Created by zefram@fysh.org

Riffing off the discussion in [perl #130801] of the locale dependence of
number-to-string coercion, and hence why we no longer cache that coercion
in the scalar, I had a look at the converse string-to-number coercion,
and found a bug​:

$ LANG=de_DE perl -lwe '$a = "1,50"; { use locale; print 0+$a; } print 0+$a'
1,5
1.5
$ LANG=de_DE perl -lwe '$a = "1,50"; print 0+$a'
Argument "1,50" isn't numeric in addition (+) at -e line 1.
1

Observe that the string-to-number coercion is affected by locale,
accepting comma as a decimal separator iff the locale uses comma in
that way. (Not shown​: dot is accepted as a decimal separator regardless
of locale.) The result of the coercion is cached in the scalar, and
subsequent numeric use of the scalar returns the cached value without
recomputing the coercion. Given the locale dependence, this caching
is in principle wrong, because it means that coercions performed under
different locale settings aren't getting their locale-specific results.
That can be seen above, with the non-locale coercion producing a different
result depending on whether a locale-using coercion was earlier performed.

But actually I think the locale dependence here is a mistake.

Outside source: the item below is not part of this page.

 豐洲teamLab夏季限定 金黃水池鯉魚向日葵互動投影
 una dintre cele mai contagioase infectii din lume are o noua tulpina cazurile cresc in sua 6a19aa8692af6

Unlike the
locale dependence of number-to-string coercion, the locale dependence of
this operation doesn't exist in any form in old perls. It appeared from
nowhere in perl 5.19.8, presumably in the same edit that (intentionally)
changed the form of the locale control for number-to-string coercion.
We also have some semantic reliance on the caching for reasons other than
this effect on the value yielded​: we only warn once about a non-numeric
value, and we're somewhat open about the influence of an argument having
been used in numeric context on the bitwise operators.

Perl Info

Flags:
    category=core
    severity=low

Site configuration information for perl 5.25.11:

Configured by zefram at Mon Mar 20 22:41:51 GMT 2017.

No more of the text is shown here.